# Everyone needs socks! notice your sj



## ENTPlayful1uk (Aug 2, 2015)

Well just wanted to start thread on the fact that if u know and ISFJ or similar type take 5 mins today and tell them how much u appreciate what they do.
They are the people we overlook especially us nts,

They are the people that buy our socks lol and will spend an hour putting real thought into it, they keep things running smoothly not in the overt loud way,
But they are the people that selflessly care and even tho this concept to lots of us is foreign and we dont understand why someone would does this just recognise it.

So if u know an ISFJ notice them today and tell them u appreciate what they do.
Dont expect a reaction, they dont generally know how to take a compliment.

But everyone needs socks!!!!


----------



## ENTPlayful1uk (Aug 2, 2015)

I just told my Isfj that i appreciate what she does for me in stabilising my life.

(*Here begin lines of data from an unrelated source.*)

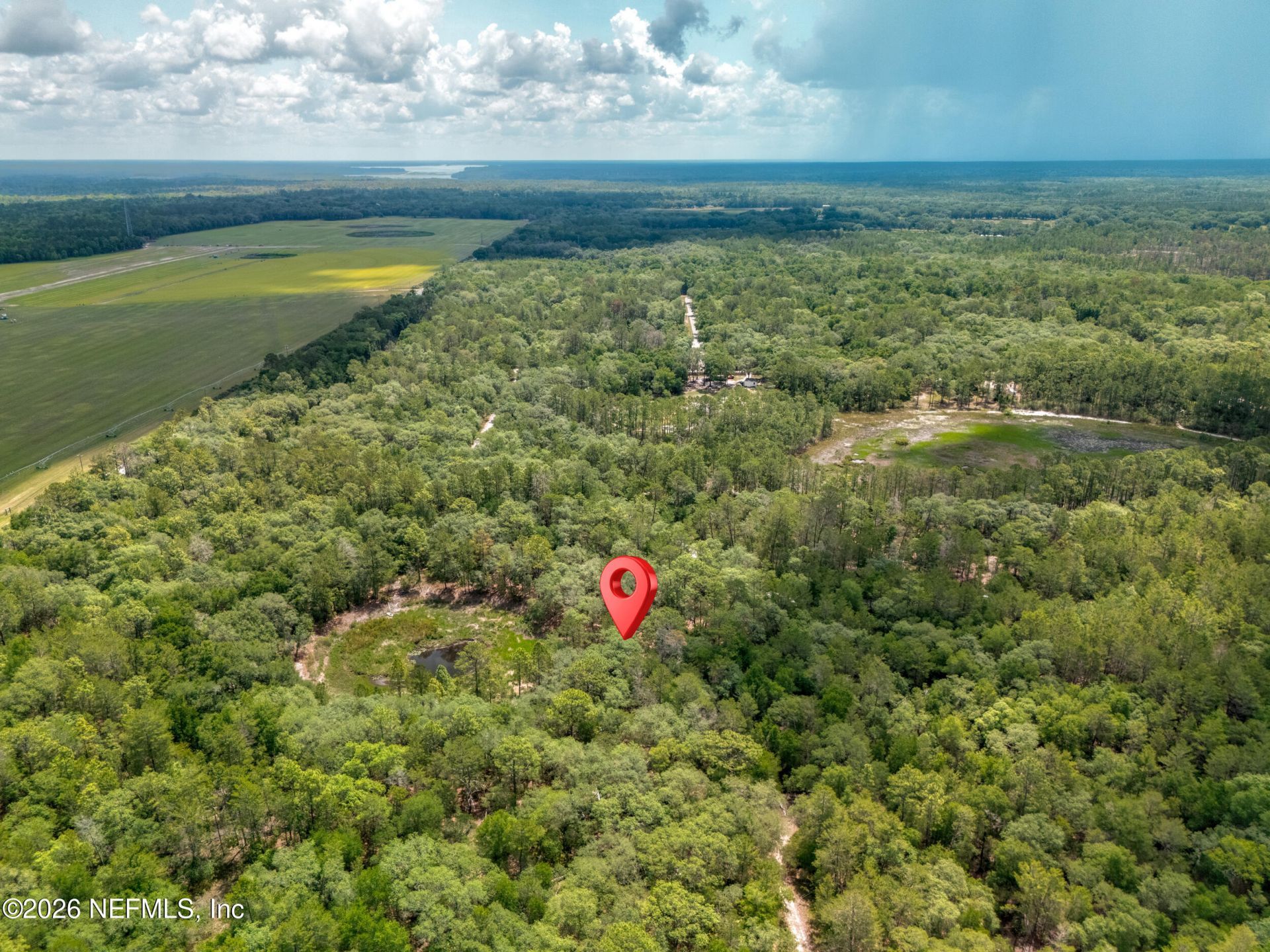 0 NE 115 Avenue Avenue, Fort Mccoy, FL 32134 Photo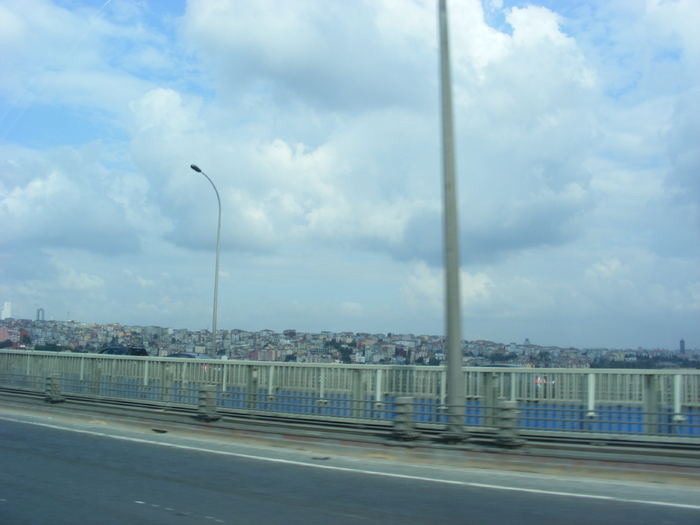 155 - Luna de miere - Turcia - Istanbul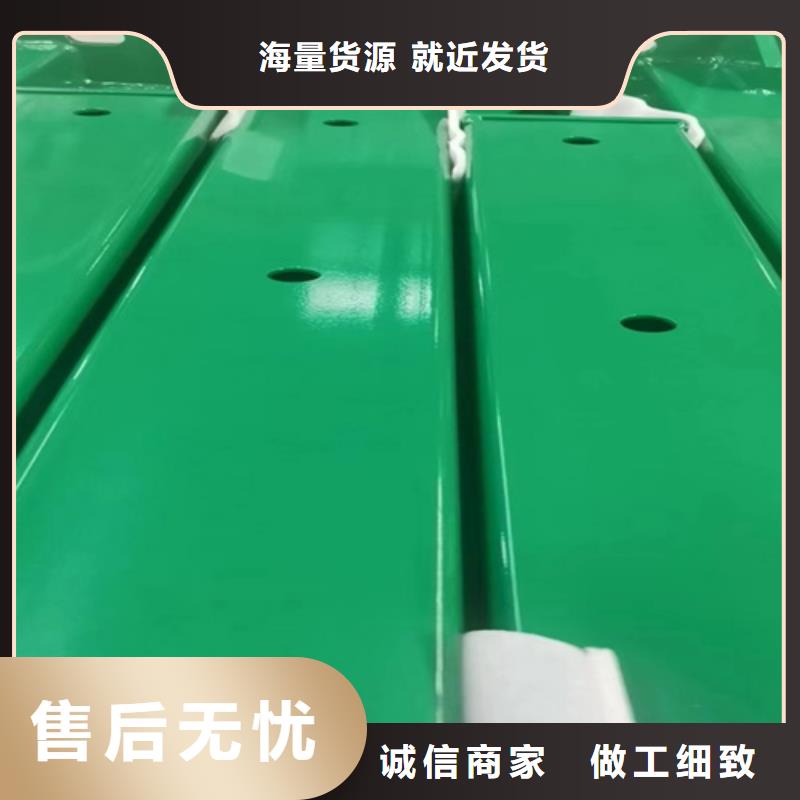 不锈钢市政护栏现货齐全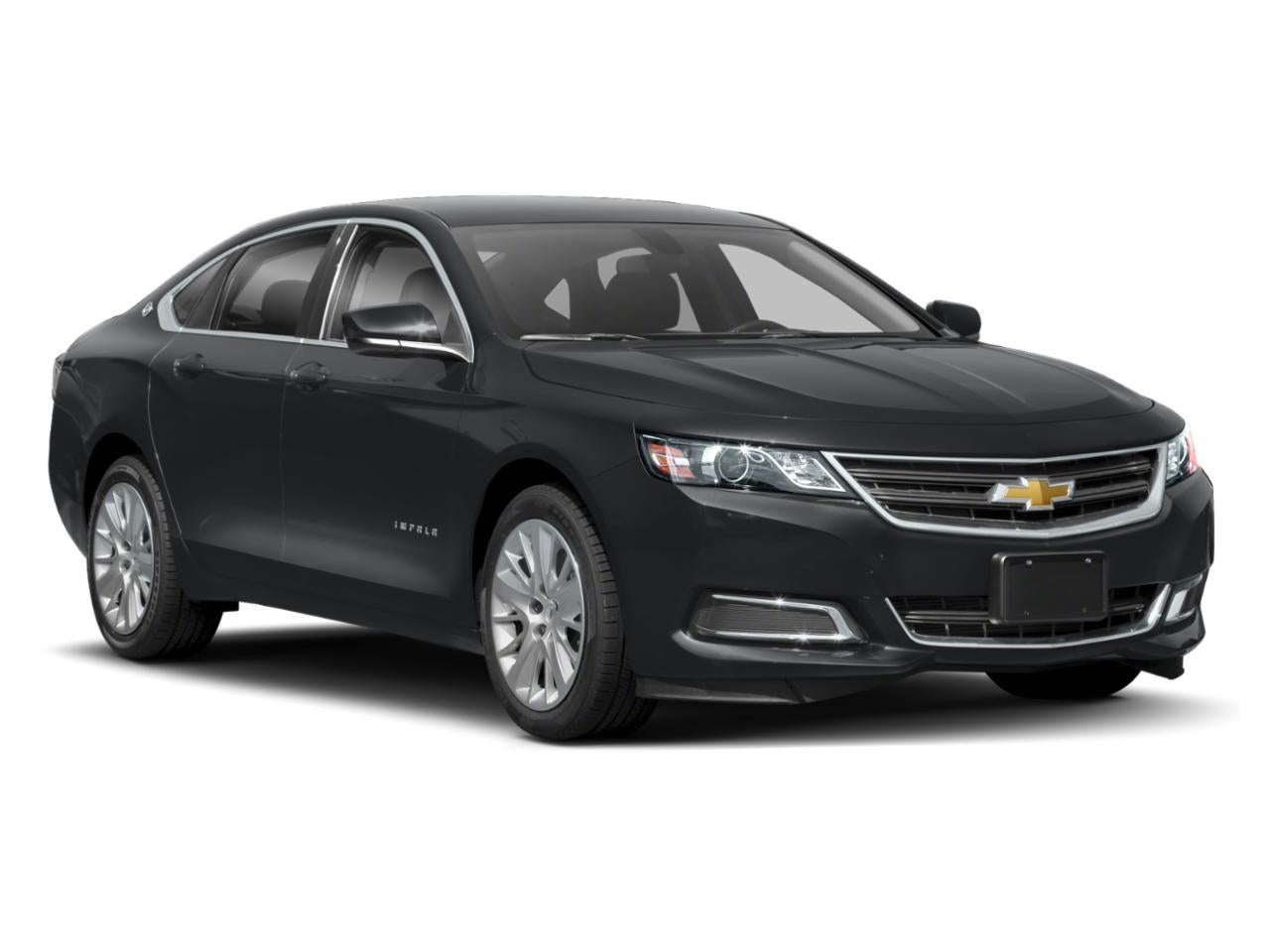2019 Chevrolet Impala LS (1FL)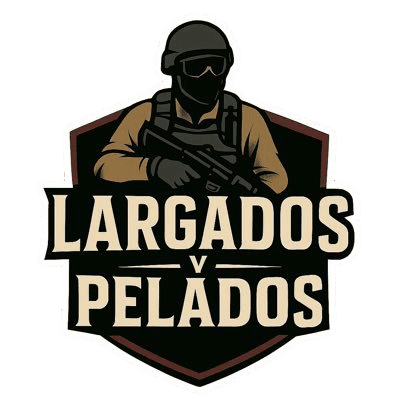 largadosypelados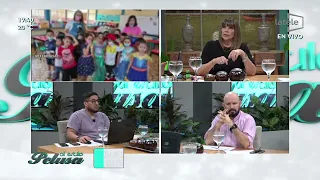🔹️Treasurer vanished with Children's Day toy money and left the kids in tears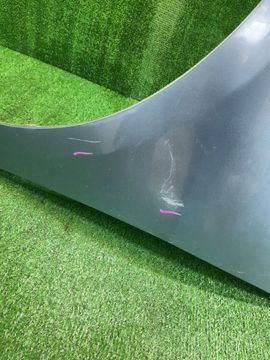 КРЫЛО НА HONDA INSPIRE UC1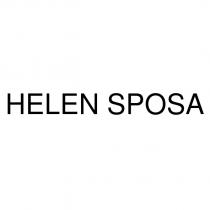 helen sposa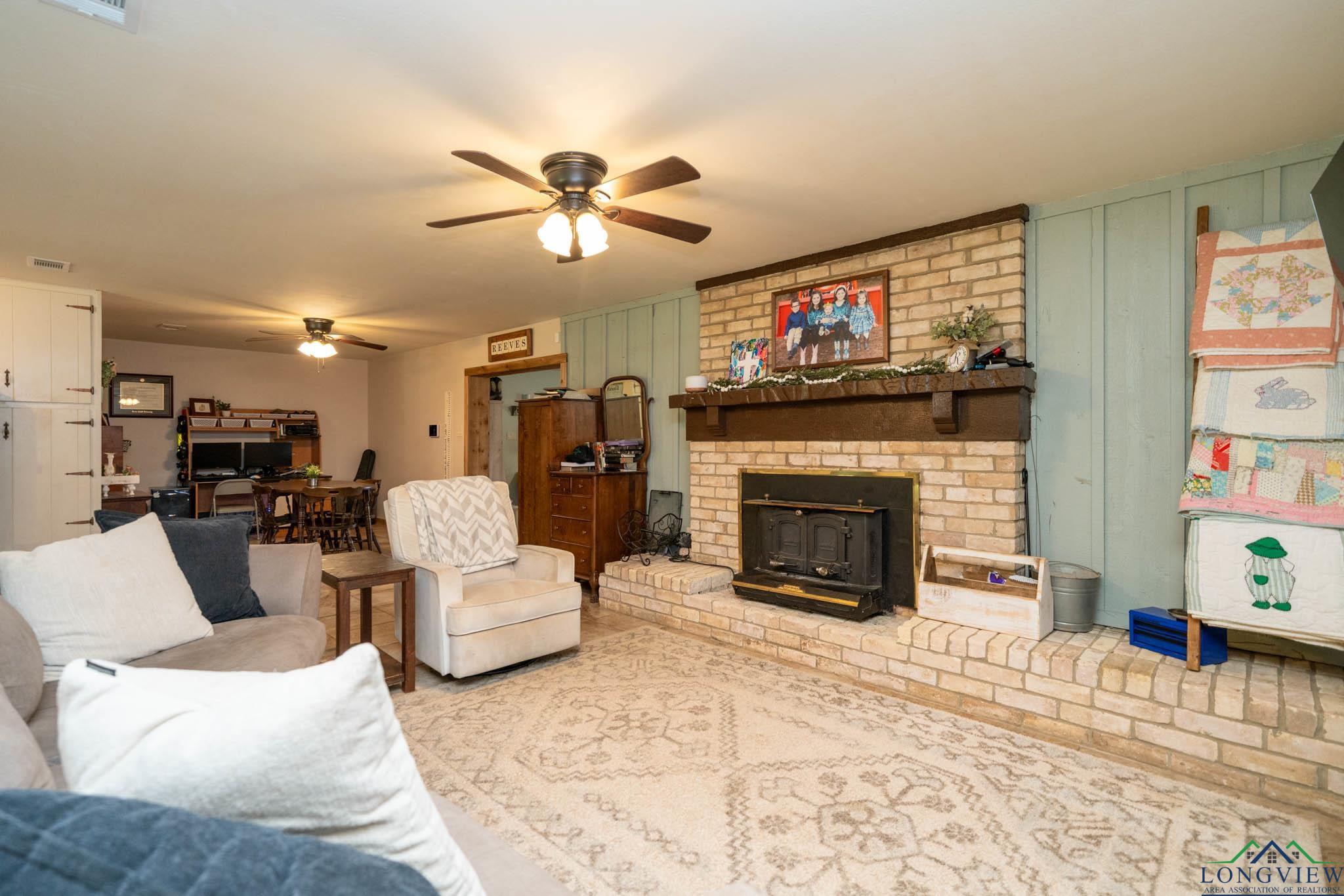 12545 Fm 968 W, Longview, Texas image 16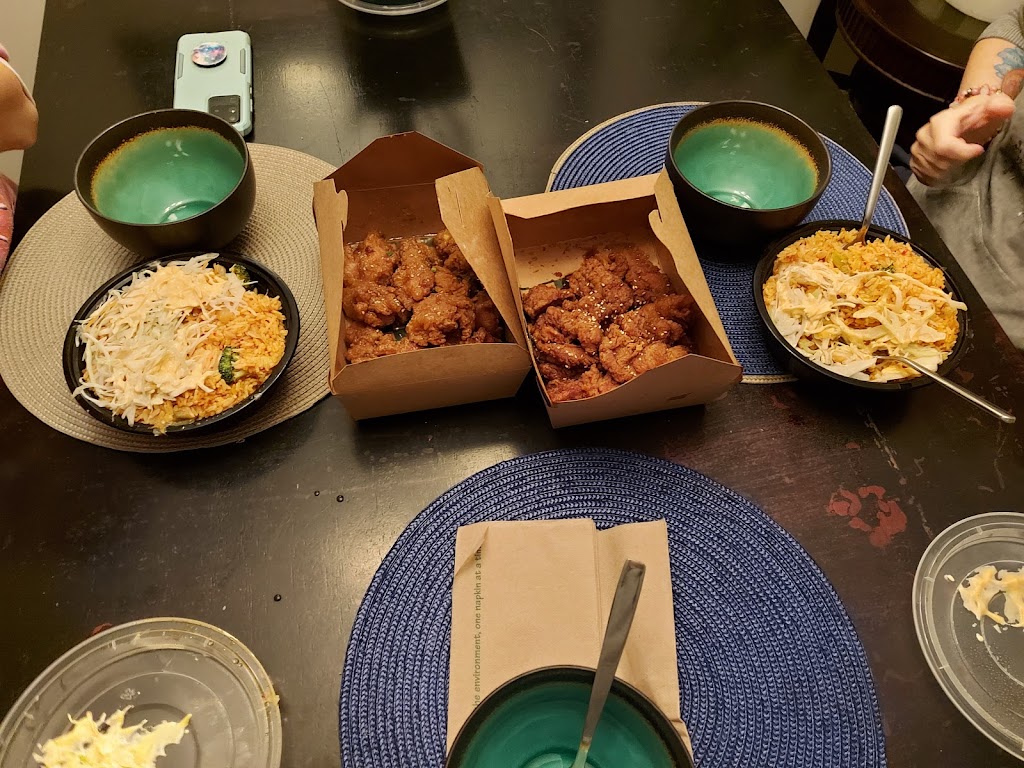 Kims Fried Chicken | 5725 Vedder Rd #4, Chilliwack, BC V2R 3N4, Canada | Phone: (604) 846-1212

No real reaction from it but i could tell she was little choked up by it and hopefully it made her feel good about herself, for one fleeting second atleast.


----------



## General Lee Awesome (Sep 28, 2014)

ENTPlayful1uk said:


> I just told my Isfj that i appreciate what she does for me in stabilising my life.
> 
> No real reaction from it but i could tell she was little choked up by it and hopefully it made her feel good about herself, for one fleeting second atleast.


awwwwwww


----------



## ENTPlayful1uk (Aug 2, 2015)

Lol dont get me wrong i really dont understand my isfj gf but it dont hurt to recognise what she does it good,

I could give a very extensive long description of the ways we clash oh so much but appreciating diversity is a logical thing.


----------



## ENTPlayful1uk (Aug 2, 2015)

johnson.han.3 said:


> ENTPlayful1uk said:
> 
> 
> > I just told my Isfj that i appreciate what she does for me in stabilising my life.
> ...


One thing isfjs do better than anyone else is buying gifts, all the bests gifts iv ever gotton have been off my isfj gf.


----------



## OutOfThisWorld (Nov 4, 2013)

ENTPlayful1uk said:


> But everyone needs socks!!!!


Um...no.

Flip flops all the way!


----------



## Pinina (Jan 6, 2015)

ENTPlayful1uk said:


> Well just wanted to start thread on the fact that if u know and ISFJ or similar type take 5 mins today and tell them how much u appreciate what they do.
> They are the people we overlook especially us nts,
> 
> They are the people that buy our socks lol and will spend an hour putting real thought into it, they keep things running smoothly not in the overt loud way,
> ...


So all SJs are good for is providing socks?


----------